Já assumi o compromisso de fazer, aqui, neste mesmo espaço, na quinta-feira de manhã, a minha escolha de 26 jogadores portugueses para este Mundial. Qualquer adepto de futebol em Portugal que se dê a esse trabalho, que pegue numa esferográfica e comece a pôr nomes num papel, terá uma lista de sua própria autoria. A minha será seguramente diferente da de Fernando Santos em pelo menos cinco ou seis nomes – e atenção que já a completarei tendo em conta uma ideia de jogo e a capacidade que cada jogador terá, na dimensão competitiva, de a preencher, não me limitando a escolher os melhores para cada setor em abstrato, como fazem muitos adeptos. Faltar-me-á sempre, porque os jornalistas e os adeptos estão cada vez mais longe daquilo que é o quotidiano das equipas, a dimensão social, o efeito que cada um tem no balneário. E aqui, tal como fizemos para justificar a escolha de Dani Alves, podemos até deitar-nos a adivinhar. Que, por exemplo, os miúdos que chegam à equipa nacional se sentem motivados pela presença de Ronaldo e por isso rendem mais. Ou então que se sentem limitados pela presença de Ronaldo, que se julgam obrigados a passar-lhe a bola, e por isso, tendo as decisões condicionadas, rendem menos. Ou ainda que é Ronaldo quem dá o visto bom a este e o visto mau àquele, influenciando de forma inaceitável as escolhas do treinador. Ou que, se o faz, até é normal que o faça, na qualidade de capitão de equipa. Que esta equipa seria melhor sem Ronaldo ou que, pelo contrário, só terá aspirações a ganhar seja o que for com ele, pelo que ele ainda significa no panorama global do futebol. A vossa opinião, aqui, é tão válida como a minha – e ainda ontem, na sexta Live do Mundial Vai ao BAR, o marroquino Hassan Nader, antigo avançado do Farense, do Benfica e da sua seleção nacional, mostrava alguma revolta por ter visto os portugueses assobiarem Ronaldo.
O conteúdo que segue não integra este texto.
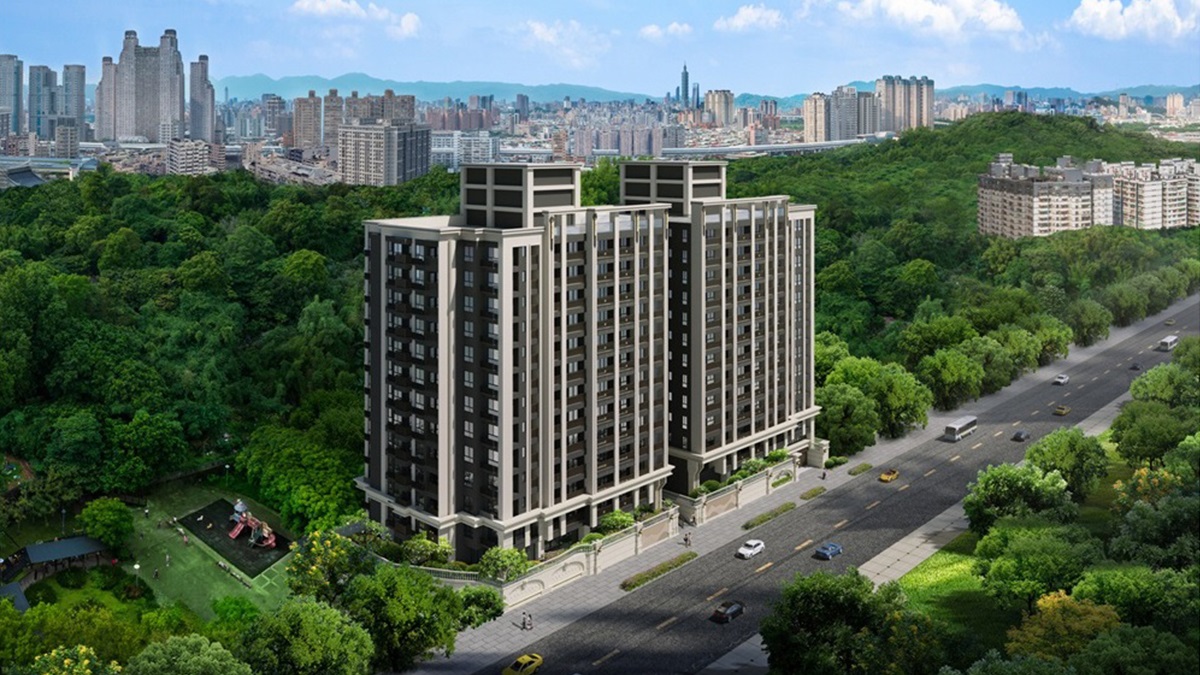 捷運X公園票房保證!大台北南區寶藏新案「敦南之森」登場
A convocatória de Dani Alves para o Mundial, no entanto, vem recordar-nos de uma coisa: entre todas as opiniões, a que vale mais é mesmo a do treinador de cada equipa nacional. Até porque será ele a responder pelos resultados no final do Mundial. Se o Brasil fracassar no mês que aí vem, Tite será responsabilizado, entre outras coisas, por ter ocupado um lugar com um jogador aparentemente acabado. Se ganhar o Mundial, podemos continuar a discordar dele, mas mesmo que o veterano desempregado acabe por nem jogar, teremos de admitir que, se calhar, alguma razão ele teve para o convocar.